This is clearly the concept that Facebook would not tolerate , but when it comes to Exadata cluster nodes cluster communication it makes perfect sense indeed.

This major Exadata security enhancements that was made rather silently, yet it may need be considered seriously for the Exadata environments where data from multiple business lines / customers could be co-hosted.

 

Below is a quote from the MOS document that describes this "walled English garden" approach to cluster interconnect communication quite well:

"Every Node within the infiniBand fabric has a partition key table which may be viewed under /sys/class/infiniband/mlx4_0/ports/[1-2]/pkeys. Every Queue Pair(QP) of the node has an index (P_Key) associated with it that maps to an entry in that table. Whenever a packet is sent from the QP’s send queue, the indexed P_Key is attached with it. Whenever a packet is received on the QP’s receive queue, the indexed P_Key is compared with that of the incoming packet. If it does not match, the packet is silently discarded.

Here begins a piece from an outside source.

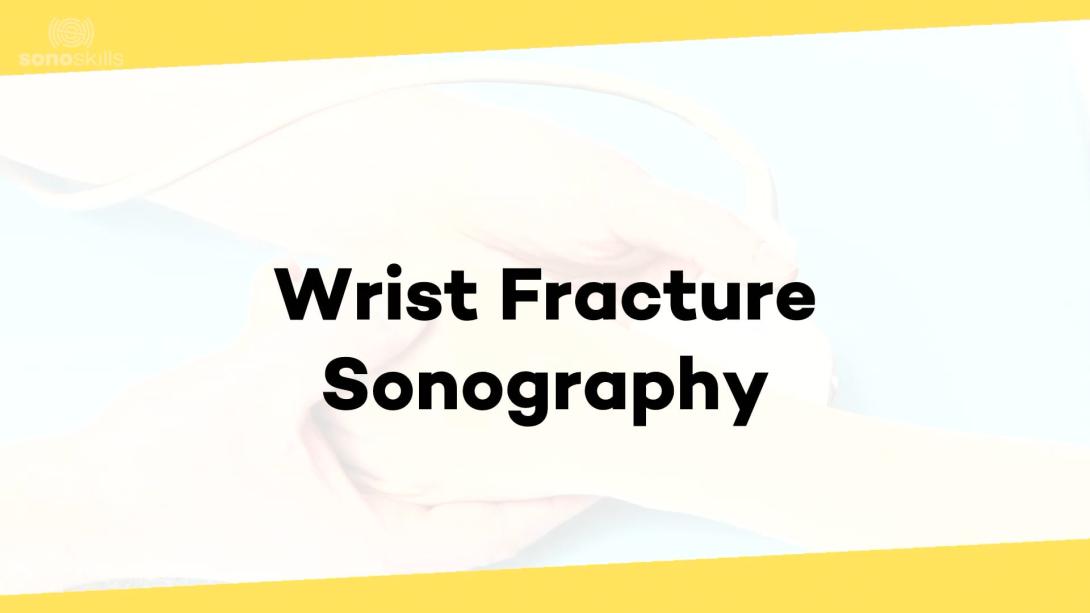 Wrist fractures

The receiving Channel Adapter does not know it arrived and the sending Channel Adapter gets no acknowledgement as well that it was received. The sent packet simply gets manifested as a lost packet. It is only when the P_Key of the incoming packet matches the indexed P_Key of the QP’s receive queue, a handshake is made and the packet is accepted and an acknowledgment is sent to the sending channel adapter. This is how only members of the same partition are able to communicate with each other and not with hosts that are not members of that partition (which means those hosts that does not have that P_Key in their partition table)."